DATA SHOWN:
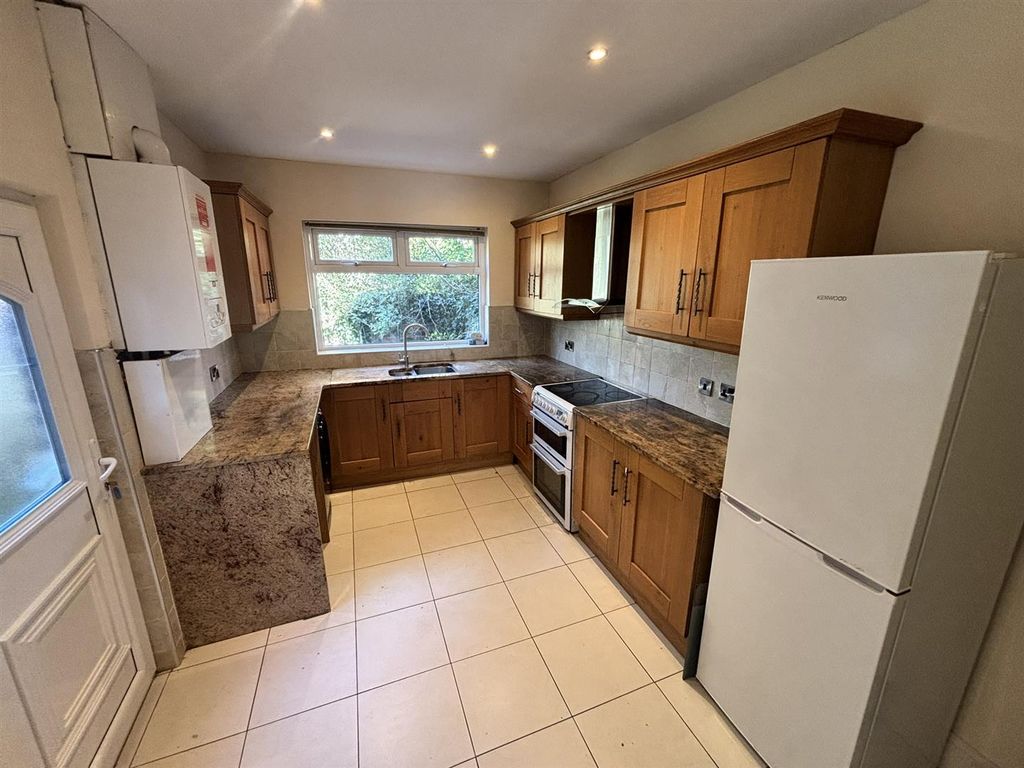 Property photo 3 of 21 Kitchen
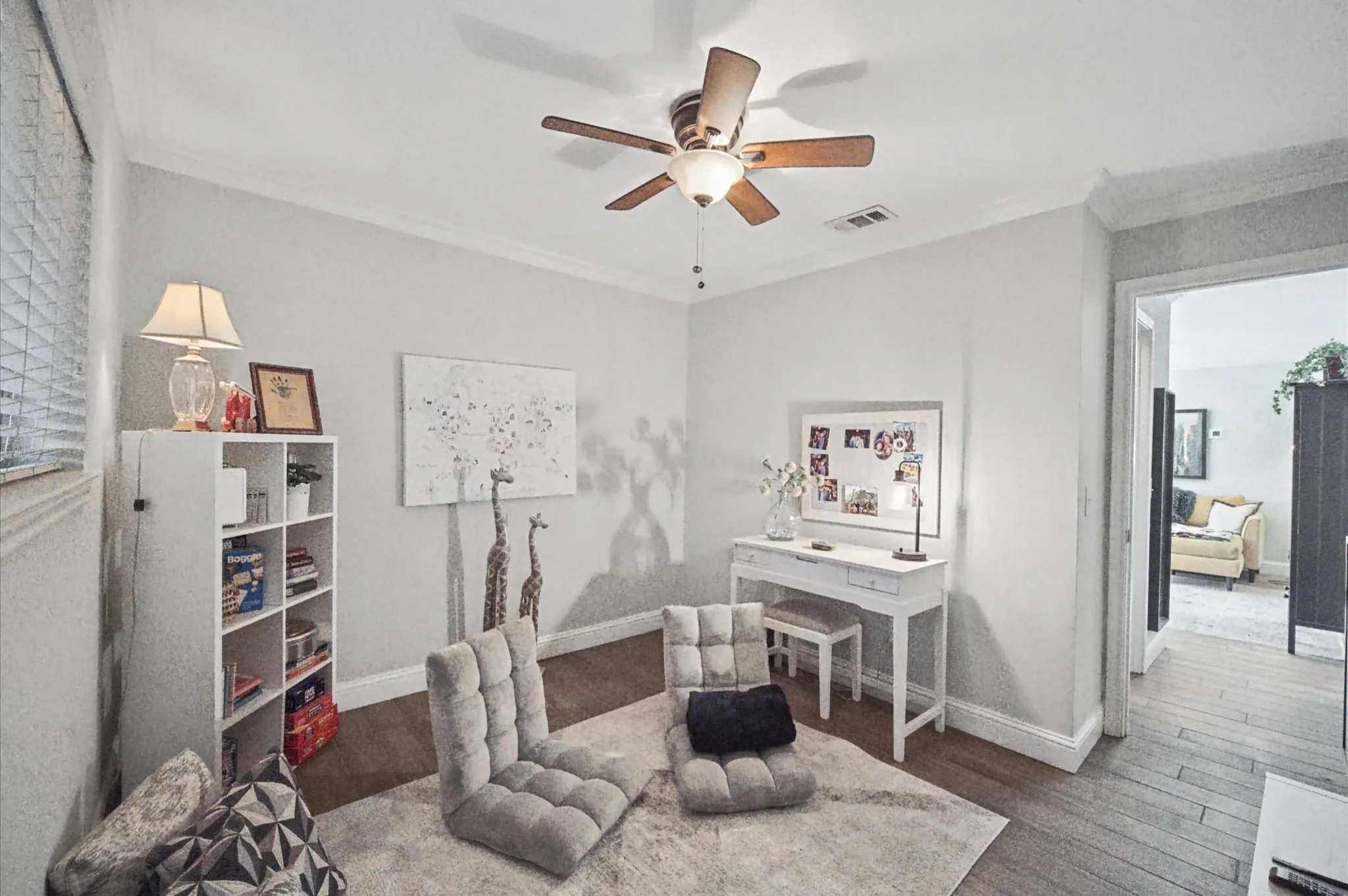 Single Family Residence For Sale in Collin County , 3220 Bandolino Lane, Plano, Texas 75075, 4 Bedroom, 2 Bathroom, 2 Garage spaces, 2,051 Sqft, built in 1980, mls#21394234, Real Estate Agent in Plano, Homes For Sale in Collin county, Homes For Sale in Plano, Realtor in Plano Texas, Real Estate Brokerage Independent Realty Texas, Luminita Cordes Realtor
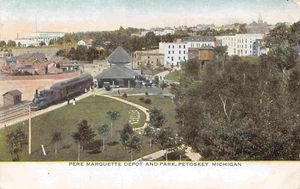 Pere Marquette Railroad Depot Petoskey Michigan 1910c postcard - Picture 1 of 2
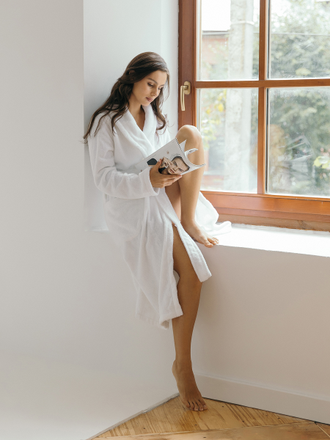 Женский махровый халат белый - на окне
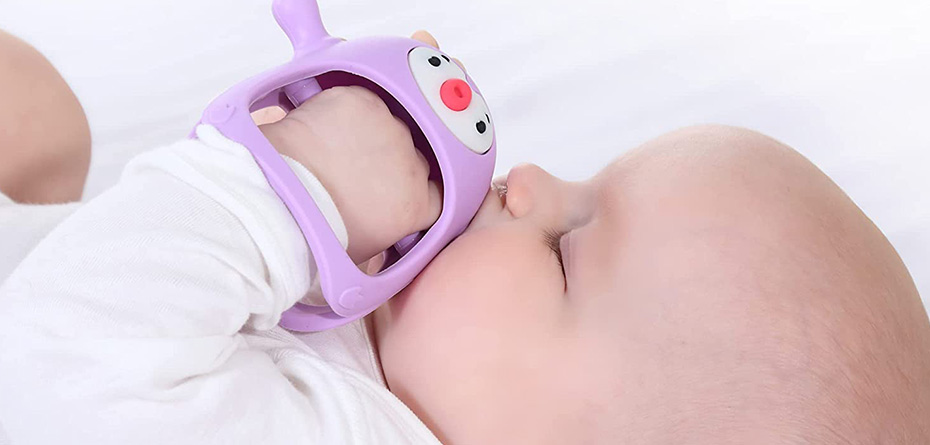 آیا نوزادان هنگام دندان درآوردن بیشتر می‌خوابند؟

EXERCISE DIRECTIONS:
Retype only the lines from the one with "Pere Marquette Railroad" through the final line of the entries, please, and keep the pictures out.

OUTPUT FOR THIS TASK:
 Pere Marquette Railroad Depot Petoskey Michigan 1910c postcard - Picture 1 of 2
 Женский махровый халат белый - на окне
 آیا نوزادان هنگام دندان درآوردن بیشتر می‌خوابند؟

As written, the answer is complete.